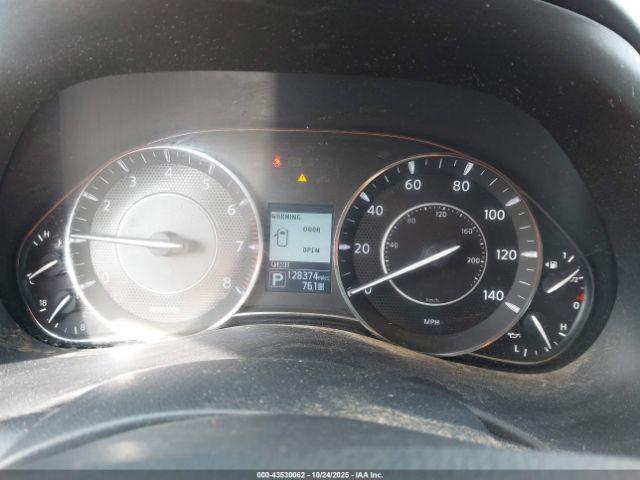 Nissan Armada Sv Image 15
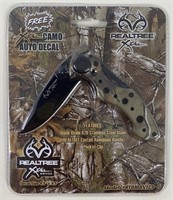 Realtree Pocket Knife in Package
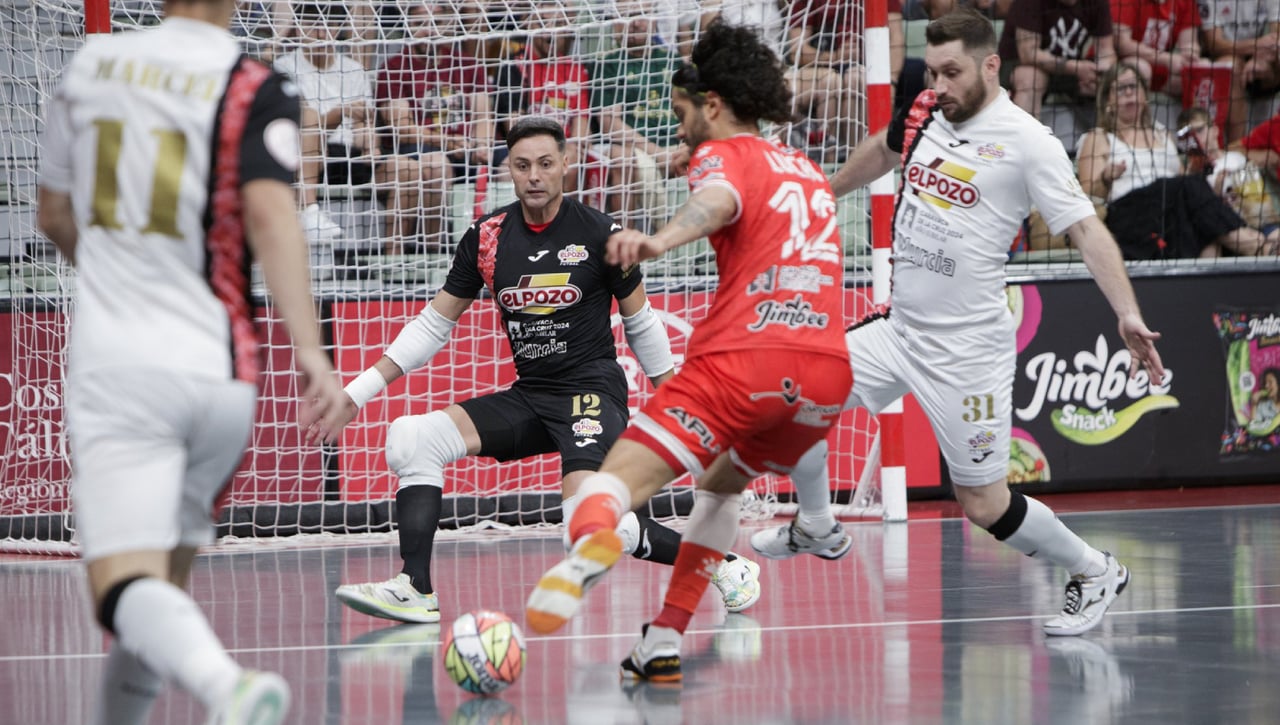 El Jimbee golpea primero en la final contra ElPozo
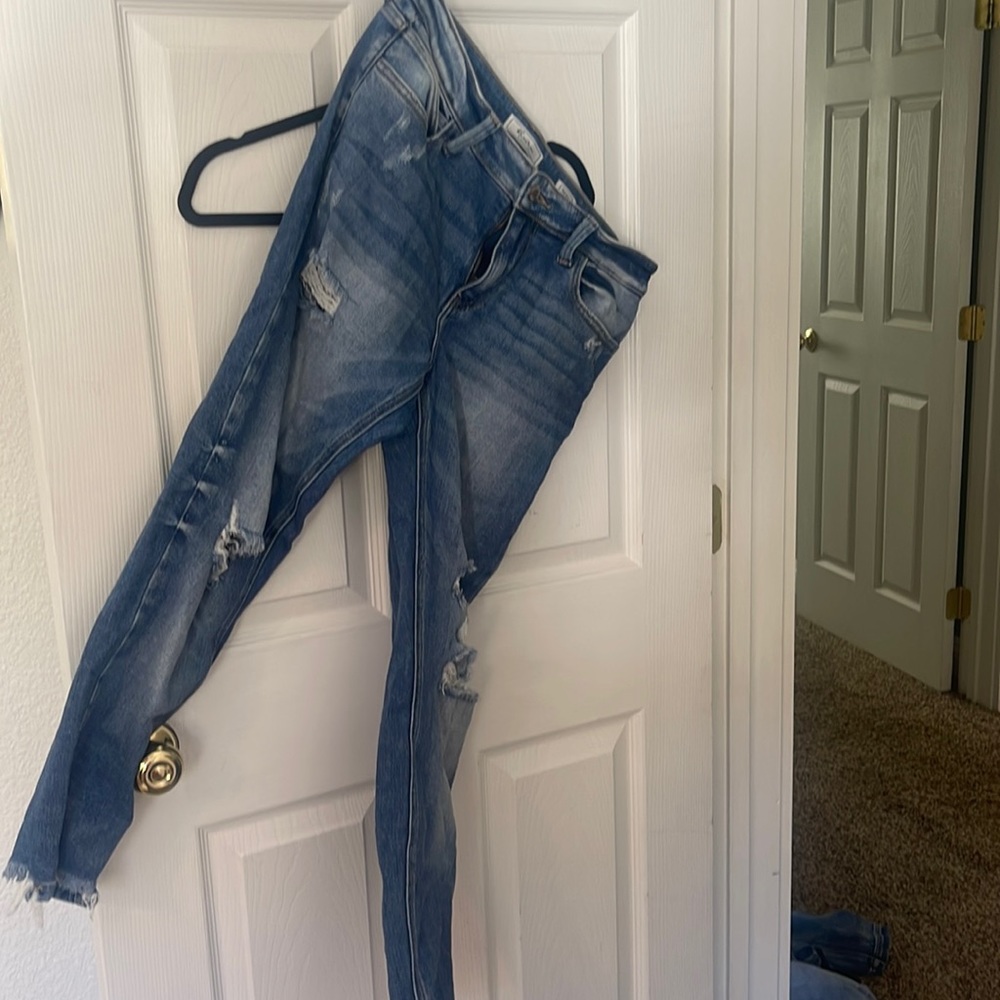 KanCan size 28 mid rise skinny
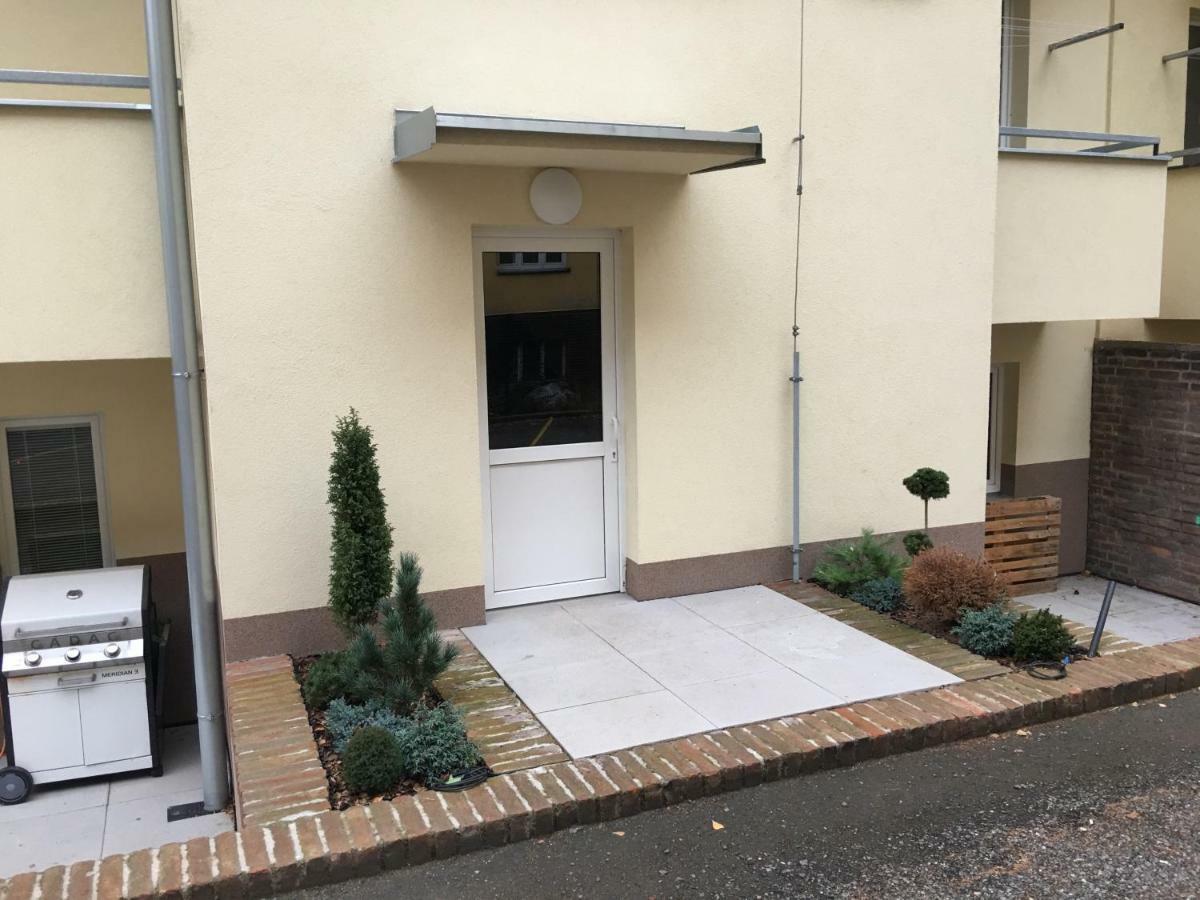 Ap10 - Apartments 4U Brezinova "Overnight Simply" Hradec Kralove Exterior foto
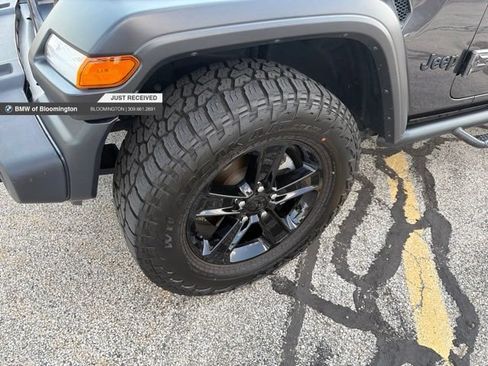 Used 2019 Jeep Wrangler Unlimited Sport AWD/4WD image 3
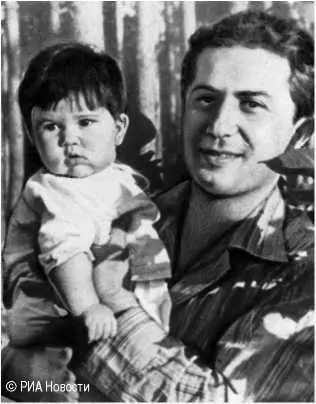 Сын Иосифа Сталина Яков Джугашвили справа с дочерью Галиной 1940 г После - фото 49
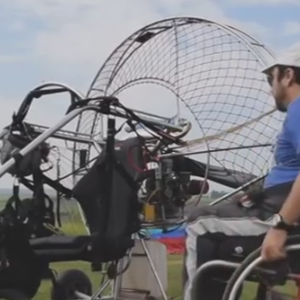 شخص من ذوي الاحتياجات الخاصة يحقق حلمه بالطيران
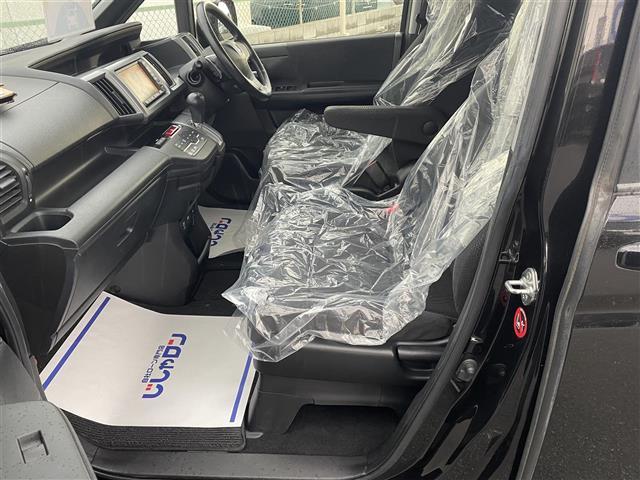 ステップワゴンスパーダ インターナビ　パワーエディション　ＥＴＣ、両側ＰＳＤ、純正ナビ（21枚目）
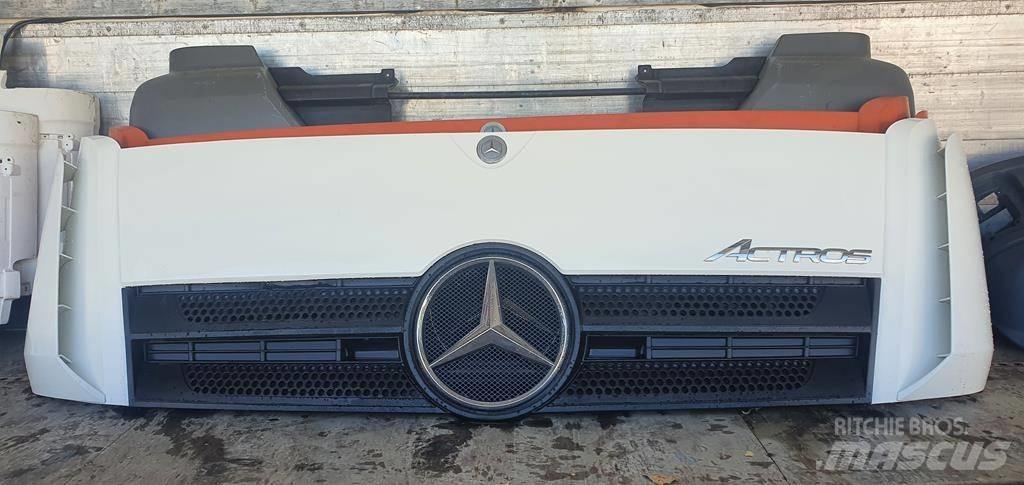 Mercedes-Benz Actros 駕駛室與內部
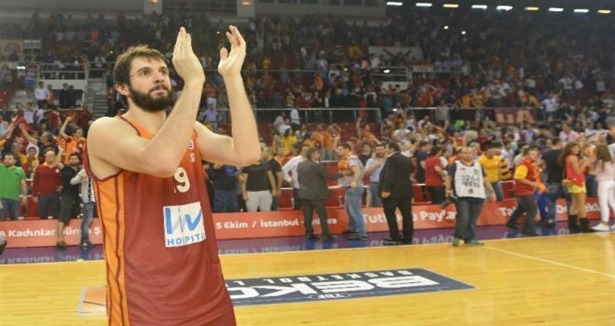 Galatasaray defeat Fenerbahce Ulker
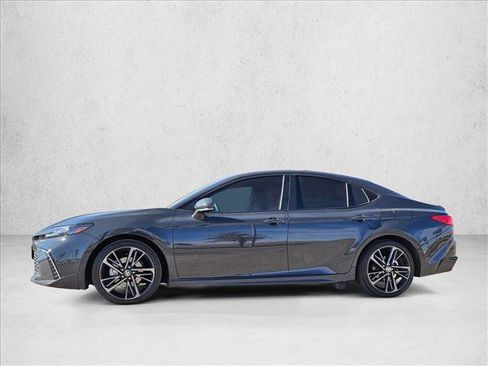 Used 2025 Toyota Camry XSE FWD image 9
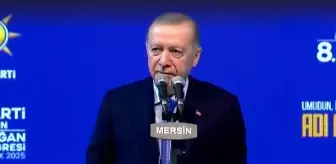 Cumhurbaşkanı Erdoğan'ın keyifli anları! Çalan şarkıya uzun uzun eşlik etti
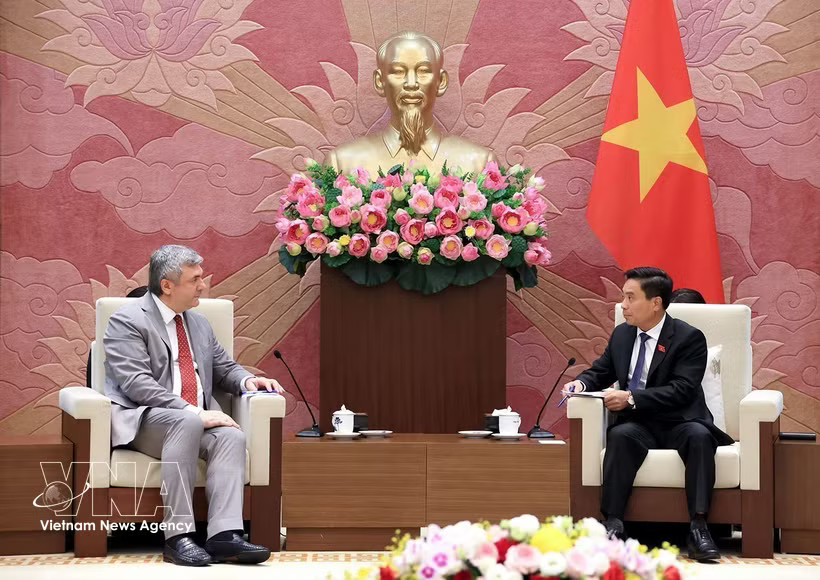 NA Vice Chairman Nguyen Doan Anh (right) receives Deputy Chairman of the Committee for External Relations of Saint Petersburg Kalganov Vyacheslav Gennadievich in Hanoi on July 8 (Photo: VNA)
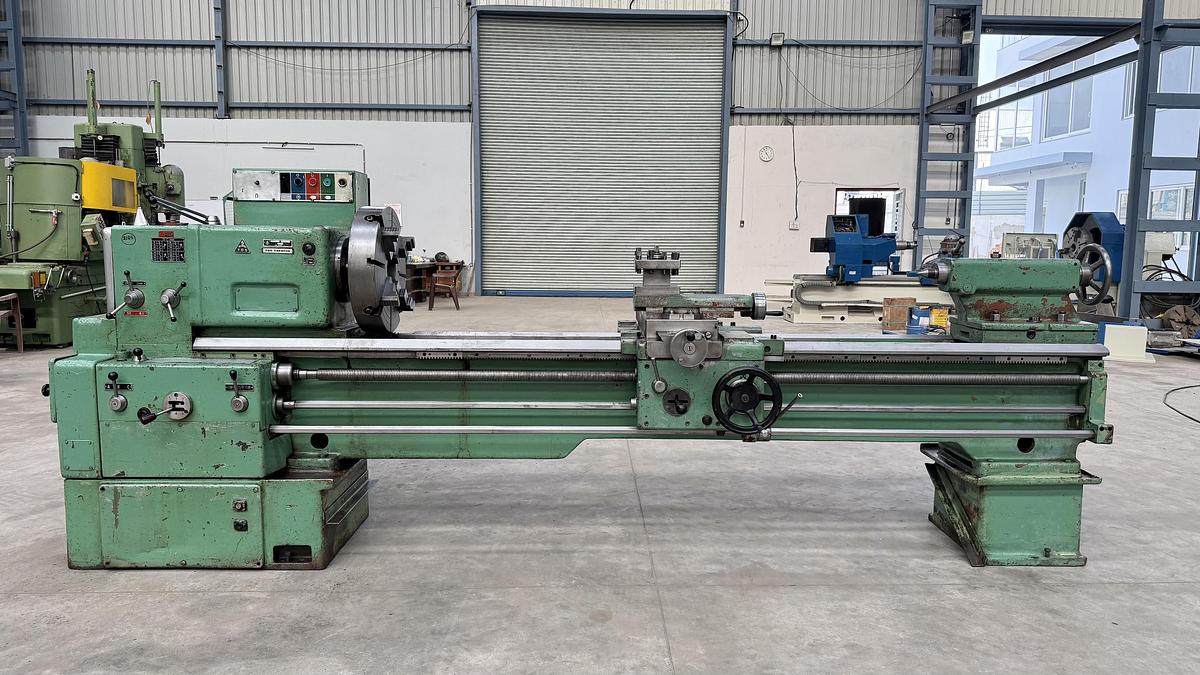 Used TOS Czech SN-55 x 2000 mm Lathe Machine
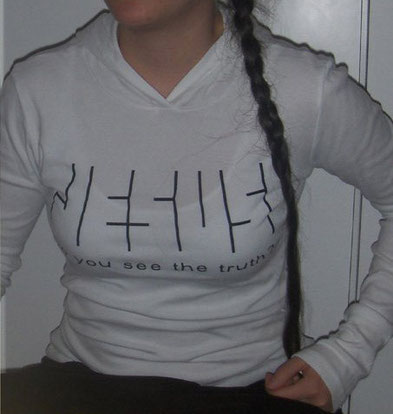 "Do you see the truth?" Langarm shirt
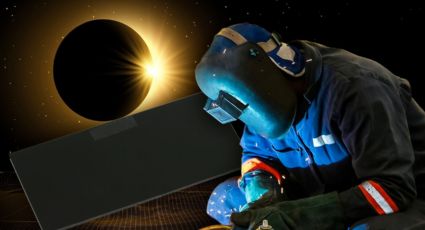 Mira el eclipse de sol con un cristal para soldar, ¿dónde conseguirlo?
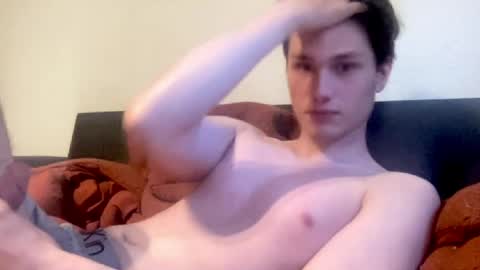 calvin_win online show from May 28, 6:05 pm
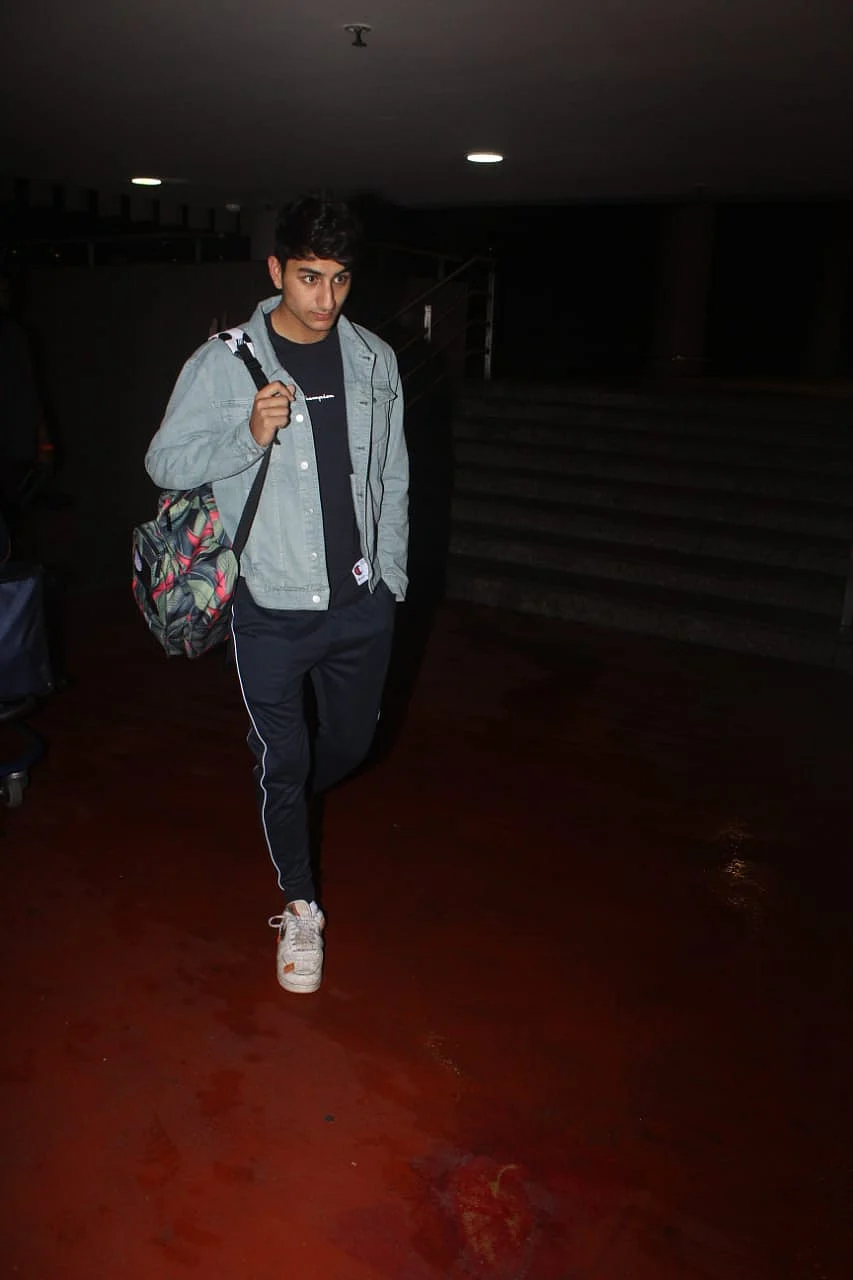 Mumbai airport witnessed Sara Ali Khan who went on vacation with her mom Amrita Singh and brother Ibrahim.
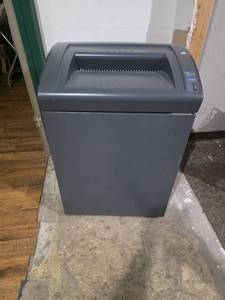 lot 8 image: GBC Shredmaster 5220S Paper Shredder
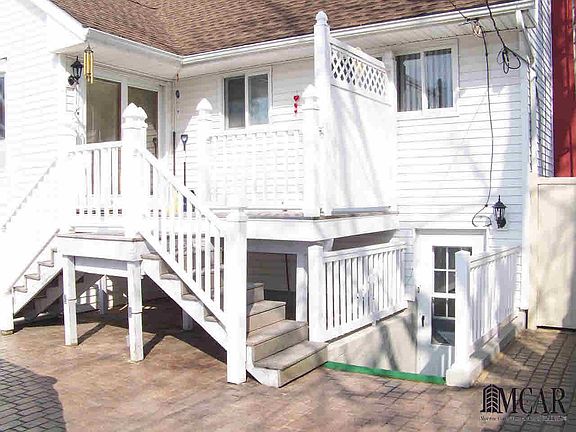 5th image of 21945 Candace Dr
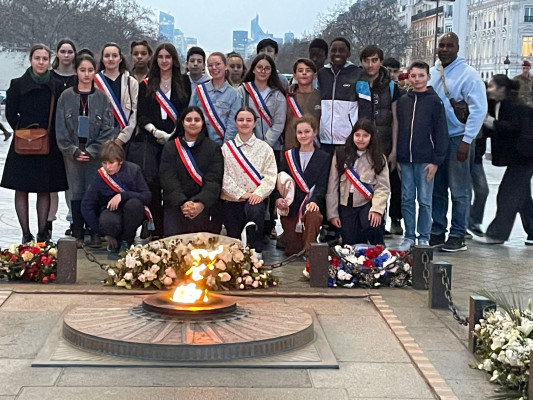 Visite CMJ au Sénat et ravivage de la flamme du soldat inconnu 3 mars 2026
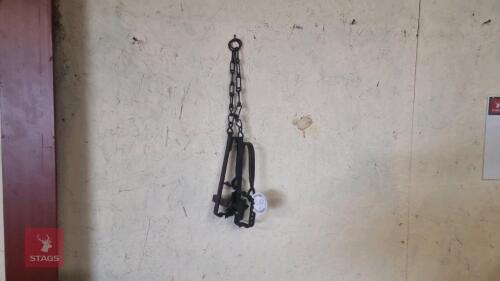 PAIR OF DEACTIVATED GIN TRAPS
++++++
Output the entries exactly and keep every picture out of them.

 Nissan Armada Sv Image 15
 Realtree Pocket Knife in Package
 El Jimbee golpea primero en la final contra ElPozo
 KanCan size 28 mid rise skinny
 Ap10 - Apartments 4U Brezinova "Overnight Simply" Hradec Kralove Exterior foto
 Used 2019 Jeep Wrangler Unlimited Sport AWD/4WD image 3
 Сын Иосифа Сталина Яков Джугашвили справа с дочерью Галиной 1940 г После - фото 49
 شخص من ذوي الاحتياجات الخاصة يحقق حلمه بالطيران
 ステップワゴンスパーダ インターナビ　パワーエディション　ＥＴＣ、両側ＰＳＤ、純正ナビ（21枚目）
 Mercedes-Benz Actros 駕駛室與內部
 Galatasaray defeat Fenerbahce Ulker
 Used 2025 Toyota Camry XSE FWD image 9
 Cumhurbaşkanı Erdoğan'ın keyifli anları! Çalan şarkıya uzun uzun eşlik etti
 NA Vice Chairman Nguyen Doan Anh (right) receives Deputy Chairman of the Committee for External Relations of Saint Petersburg Kalganov Vyacheslav Gennadievich in Hanoi on July 8 (Photo: VNA)
 Used TOS Czech SN-55 x 2000 mm Lathe Machine
 "Do you see the truth?" Langarm shirt
 Mira el eclipse de sol con un cristal para soldar, ¿dónde conseguirlo?
 calvin_win online show from May 28, 6:05 pm
 Mumbai airport witnessed Sara Ali Khan who went on vacation with her mom Amrita Singh and brother Ibrahim.
 lot 8 image: GBC Shredmaster 5220S Paper Shredder
 5th image of 21945 Candace Dr
 Visite CMJ au Sénat et ravivage de la flamme du soldat inconnu 3 mars 2026
 PAIR OF DEACTIVATED GIN TRAPS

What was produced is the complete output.